7月14日から連日続くポンペオ国務長官の「南シナ海における中国による威嚇および暴挙を黙認することはできず、ベトナム、フィリピン、マレーシアが主張する立場を全面的に支持する」という発言は、米中対立における新たな戦端を南シナ海にも広げるというアメリカ政府の覚悟が見て取れます。

このポンペオ国務長官発言に呼応するように、米軍艦隊も中国海軍と同海域で軍事演習を強行し、アメリカの覚悟のレベルを誇示しはじめています。これまでは南シナ海海域では、アメリカの艦船と中国の艦船が平行に航行して圧力を掛け合っていましたが、今後は、ベトナムやフィリピンの保護のために、有事には一線を超えることも辞さないとの姿勢が窺えます。

このアメリカの積極介入が見据える先は、“同盟国”台湾の守備でしょう。香港が香港国家安全維持法の制定・施行によって中国化がすすめられ、一国一制度の下、香港民、そして自国の企業の行動の自由が奪われるとの認識をアメリカ・欧州各国は共有していますし、【今、香港で起こっていること、起ころうとしていることは、近いうちに台湾に対して中国が仕掛ける内容だろう】との認識から対中圧力を強めています。

しかし、アメリカとしては欧州の対中制裁への参加は期待できない状況であるため、香港自治法の制定によって対中金融制裁を課すカードをチラつかせ、貿易戦争、武力的な緊張、人権カードの使用などと共に、習近平国家主席に最大限の圧力をかけようとしています。南シナ海における中国への威嚇行為の強化もその一環でしょう。
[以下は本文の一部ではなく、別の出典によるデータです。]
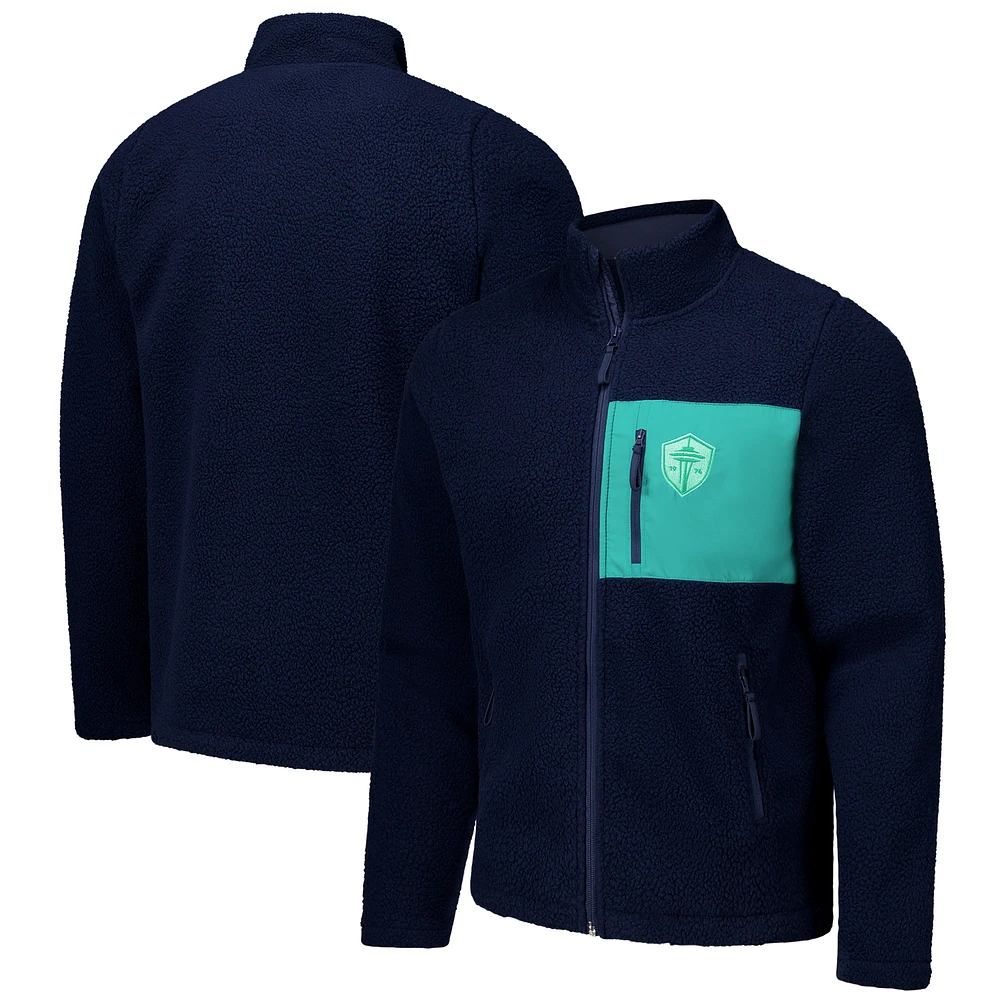 Men's Navy Seattle Sounders FC Pile Full-Zip Jacket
一応、習近平国家主席は「南シナ海における中国の立場は“確信的利益”」と位置付け、表向きは重要視しているように見せていますが、アメリカとしては、習近平国家主席にとって念願のOne China実現のために不可欠な香港・台湾の重要性に比べたら南シナ海の重要性は低いとみて、今回の南シナ海における対中威嚇姿勢を選択したのだと考えます。

このまま偶発的な衝突に至らないことを切に祈りますが、北京の情報筋によると「何らかの交戦が行われた場合は、中国人民解放軍は覚悟を以て応戦する」とのことですし、ペンタゴンによると「(アメリカが勢力圏として実力確立している)太平洋地域において、これ以上中国が縦横無尽に勝手な動きをすることは看過しない」と述べて対決姿勢を鮮明化しています。

同じような状況が日本と中国(そして台湾)が争う尖閣諸島問題でも起こり得ますし、実際に米中ともにその可能性に言及していることから、日本にとっても関係のない話ではないことを、私たちは認識しておく必要があるでしょう。

これまでは香港という金融ハブを設置することで欧米とのチャンネルを開いてきた中国ですが、昨年の民主化デモの鎮圧失敗と民主派の拡大への危惧と、習近平国家主席が掲げるOne China/One Asia戦略の確実な実施のために(特に台湾の併合と中国への統一)、アメリカや欧州各国がコロナ禍で苦しみ、フルスロットルで中国叩きに来られない間に一気に足場固めをしに来ているといえます。

その点で「香港国家安全維持法の制定と施行」は欧米各国との決別・決裂を指すのではないかと考えます。